Explainability & Attribution Mathematics

Prerequisites: Part 4: Probability (expectations, conditional probability), Part 7: Linear Algebra (linear regression, matrix inversion), Part 8: Calculus (gradients, integrals, chain rule). This extension is the canonical reference for explainability content in AI in the Wild: XAI.

The Attribution Problem

Given a model $f: \mathbb{R}^d \to \mathbb{R}$ and an input $x = (x_1, \ldots, x_d)$ with prediction $f(x)$, the attribution problem asks: how much did each feature $x_i$ contribute to the output?

We want an attribution vector $\phi = (\phi_1, \ldots, \phi_d)$ satisfying desirable properties. Different methods formalize "contribution" differently — game theory, local approximation, or path integrals — leading to Shapley values, LIME, and integrated gradients respectively.

Shapley Values

Axioms & Uniqueness Theorem

Shapley values come from cooperative game theory. Define a "game" with $d$ players (features) and a value function $v: 2^{\{1,\ldots,d\}} \to \mathbb{R}$ where $v(S)$ is the model's output using only features in subset $S$ (other features marginalized out).
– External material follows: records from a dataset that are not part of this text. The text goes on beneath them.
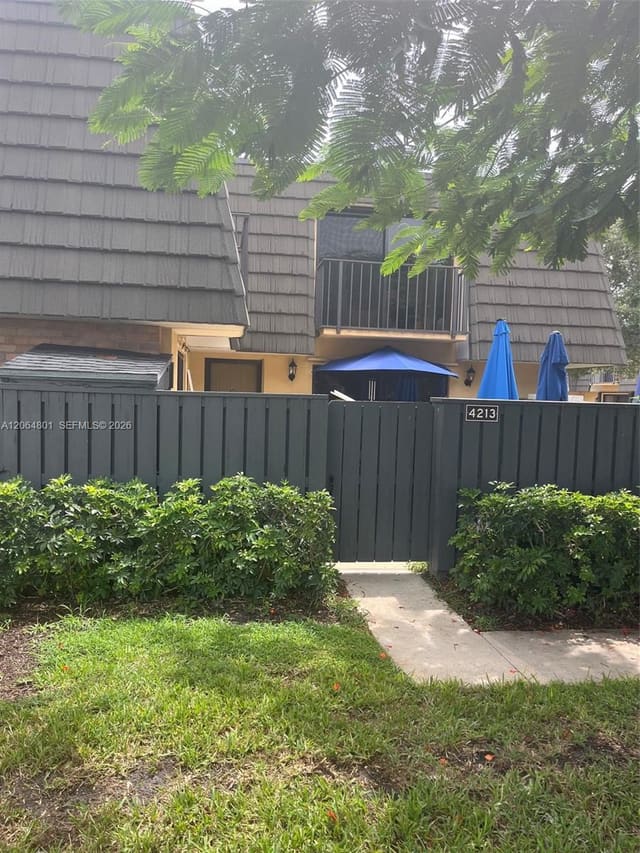4213 42nd Way, West Palm Beach, FL 33407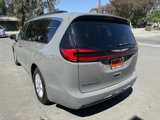 Used 2022 Chrysler Pacifica Touring-L image 6
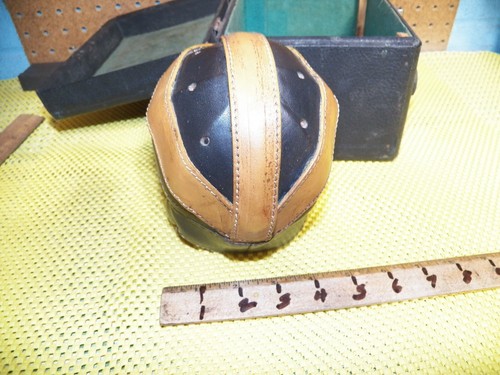 Mini casco da calcio vintage in pelle (scala 1/3) in vecchia custodia - Foto 3 di 12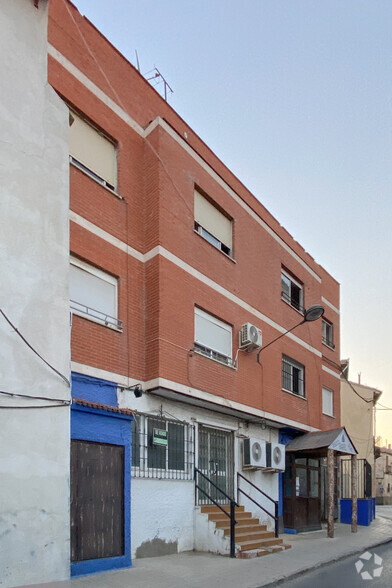 Calle Iglesia, 14, Villaconejos, Madrid for sale - Building Photo - Image 2 of 2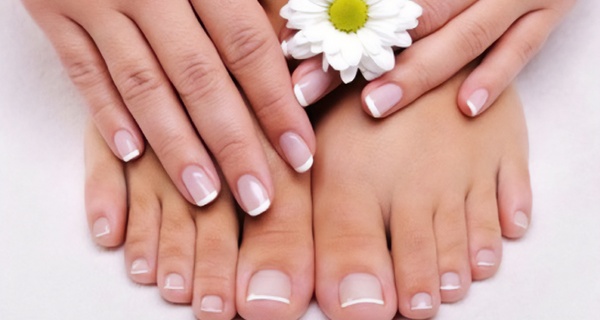 Manicure i pedicure spa z peelingiem i masażem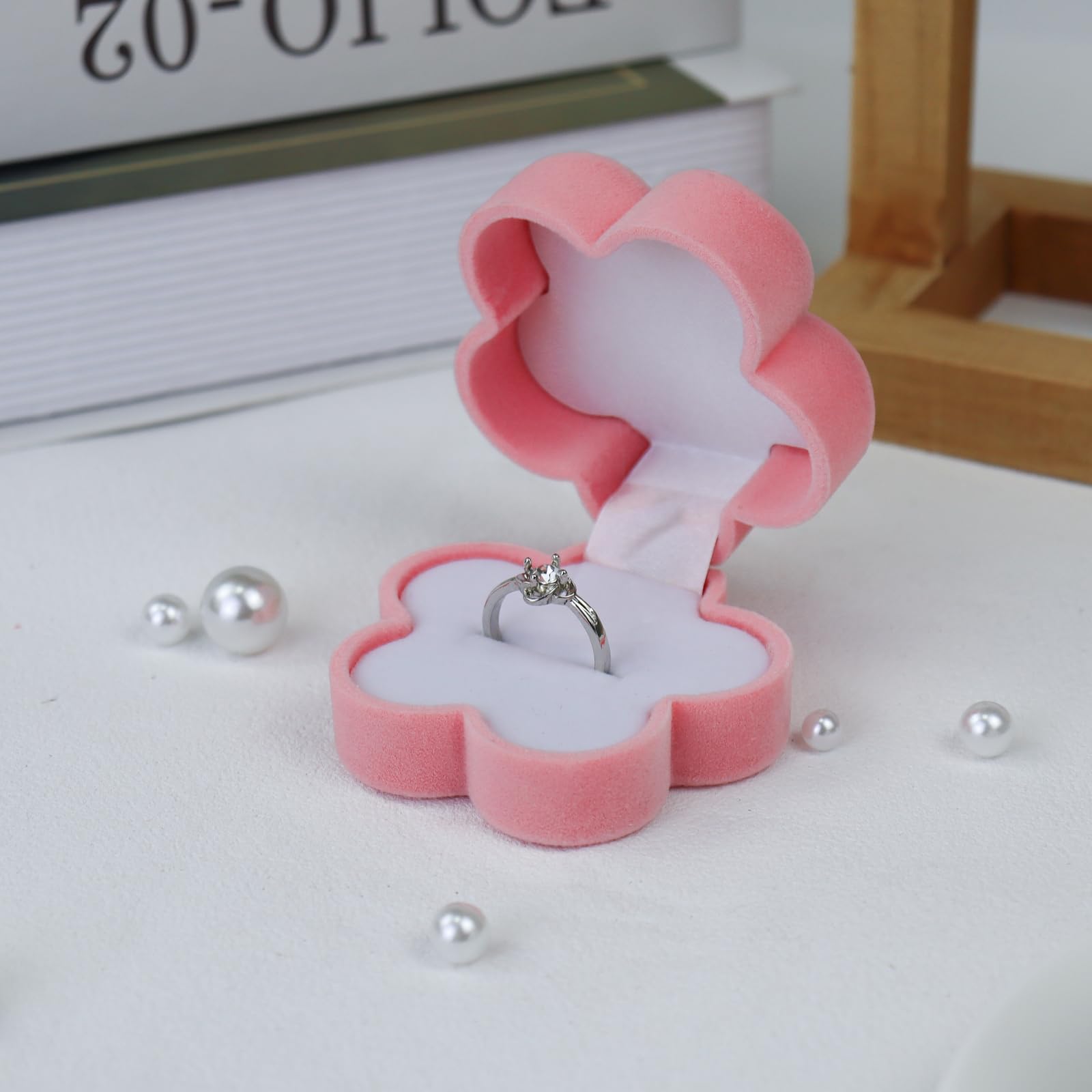 adistylinno-jewelry-box-bo-te-bague-velours-rose-fleur image 7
Definition. The Shapley value for feature $i$ is:

$$\boxed{\phi_i = \sum_{S \subseteq \{1,\ldots,d\} \setminus \{i\}} \frac{|S|!\,(d-|S|-1)!}{d!} \left[v(S \cup \{i\}) - v(S)\right]}$$

This averages the marginal contribution of feature $i$ over all possible orderings in which features could be "added" to the coalition.

Uniqueness Theorem (Shapley 1953): The Shapley value is the unique attribution method satisfying four axioms:

Axiom	Statement	Intuition
Efficiency	$\sum_{i=1}^d \phi_i = v(\{1,\ldots,d\}) - v(\emptyset)$	Attributions sum to the total prediction minus baseline
Symmetry	If $v(S \cup \{i\}) = v(S \cup \{j\})\ \forall S$, then $\phi_i = \phi_j$	Equal contributors get equal credit
Null Player	If $v(S \cup \{i\}) = v(S)\ \forall S$, then $\phi_i = 0$	Irrelevant features get zero attribution
Linearity	$\phi_i(v_1 + v_2) = \phi_i(v_1) + \phi_i(v_2)$	Additivity across combined games

Computational Complexity

Exact Shapley values require evaluating $v(S)$ for all $2^d$ subsets — exponential in the number of features. For $d = 20$, that's over 1 million evaluations. For modern models with hundreds of features, exact computation is intractable.

Monte Carlo approximation: Sample $m$ random permutations $\pi$ of features. For each permutation, compute the marginal contribution of each feature when added in that order. Average across permutations:

$$\hat{\phi}_i = \frac{1}{m}\sum_{k=1}^m \left[v(S_i^{\pi_k} \cup \{i\}) - v(S_i^{\pi_k})\right]$$

where $S_i^{\pi_k}$ is the set of features appearing before $i$ in permutation $\pi_k$. By the law of large numbers, $\hat{\phi}_i \to \phi_i$ as $m \to \infty$.

KernelSHAP

KernelSHAP approximates Shapley values using weighted linear regression. The key insight: Shapley values are the solution to a specific weighted least-squares problem.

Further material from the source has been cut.